◆ Your objective
From the line that includes "1382 W Sundial Place, Oro Valley, AZ 85737" to the last line of the data, quote each line precisely; both boundary lines belong in the answer.

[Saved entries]
┄┄┄┄┄┄┄┄┄┄┄┄┄┄┄┄┄┄┄┄

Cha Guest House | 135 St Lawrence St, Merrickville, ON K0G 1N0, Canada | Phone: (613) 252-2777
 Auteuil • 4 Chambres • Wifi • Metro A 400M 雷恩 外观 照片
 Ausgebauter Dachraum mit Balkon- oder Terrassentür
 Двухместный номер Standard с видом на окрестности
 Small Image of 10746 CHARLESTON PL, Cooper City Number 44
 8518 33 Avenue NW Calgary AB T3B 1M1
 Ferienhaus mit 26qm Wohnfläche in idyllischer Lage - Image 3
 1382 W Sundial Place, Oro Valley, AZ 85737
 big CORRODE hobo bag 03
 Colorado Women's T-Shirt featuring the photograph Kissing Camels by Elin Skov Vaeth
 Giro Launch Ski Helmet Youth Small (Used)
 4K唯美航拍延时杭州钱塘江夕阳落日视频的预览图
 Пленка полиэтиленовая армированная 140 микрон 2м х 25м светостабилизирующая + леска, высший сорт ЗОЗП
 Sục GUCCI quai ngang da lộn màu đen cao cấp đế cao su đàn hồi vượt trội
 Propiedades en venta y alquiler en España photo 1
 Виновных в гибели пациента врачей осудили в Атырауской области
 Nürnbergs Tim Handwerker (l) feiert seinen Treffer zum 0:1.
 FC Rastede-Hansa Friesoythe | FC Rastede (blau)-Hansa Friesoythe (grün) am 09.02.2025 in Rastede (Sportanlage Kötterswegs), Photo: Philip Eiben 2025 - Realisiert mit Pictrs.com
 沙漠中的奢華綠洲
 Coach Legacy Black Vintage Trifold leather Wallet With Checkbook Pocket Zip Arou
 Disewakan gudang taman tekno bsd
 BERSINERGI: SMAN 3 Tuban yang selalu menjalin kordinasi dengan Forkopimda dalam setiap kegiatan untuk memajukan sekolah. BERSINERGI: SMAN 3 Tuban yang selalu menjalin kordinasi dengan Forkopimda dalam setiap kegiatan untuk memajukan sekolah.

┄┄┄┄┄┄┄┄┄┄┄┄┄┄┄┄┄┄┄┄

◆ Answer space
 1382 W Sundial Place, Oro Valley, AZ 85737
 big CORRODE hobo bag 03
 Colorado Women's T-Shirt featuring the photograph Kissing Camels by Elin Skov Vaeth
 Giro Launch Ski Helmet Youth Small (Used)
 4K唯美航拍延时杭州钱塘江夕阳落日视频的预览图
 Пленка полиэтиленовая армированная 140 микрон 2м х 25м светостабилизирующая + леска, высший сорт ЗОЗП
 Sục GUCCI quai ngang da lộn màu đen cao cấp đế cao su đàn hồi vượt trội
 Propiedades en venta y alquiler en España photo 1
 Виновных в гибели пациента врачей осудили в Атырауской области
 Nürnbergs Tim Handwerker (l) feiert seinen Treffer zum 0:1.
 FC Rastede-Hansa Friesoythe | FC Rastede (blau)-Hansa Friesoythe (grün) am 09.02.2025 in Rastede (Sportanlage Kötterswegs), Photo: Philip Eiben 2025 - Realisiert mit Pictrs.com
 沙漠中的奢華綠洲
 Coach Legacy Black Vintage Trifold leather Wallet With Checkbook Pocket Zip Arou
 Disewakan gudang taman tekno bsd
 BERSINERGI: SMAN 3 Tuban yang selalu menjalin kordinasi dengan Forkopimda dalam setiap kegiatan untuk memajukan sekolah. BERSINERGI: SMAN 3 Tuban yang selalu menjalin kordinasi dengan Forkopimda dalam setiap kegiatan untuk memajukan sekolah.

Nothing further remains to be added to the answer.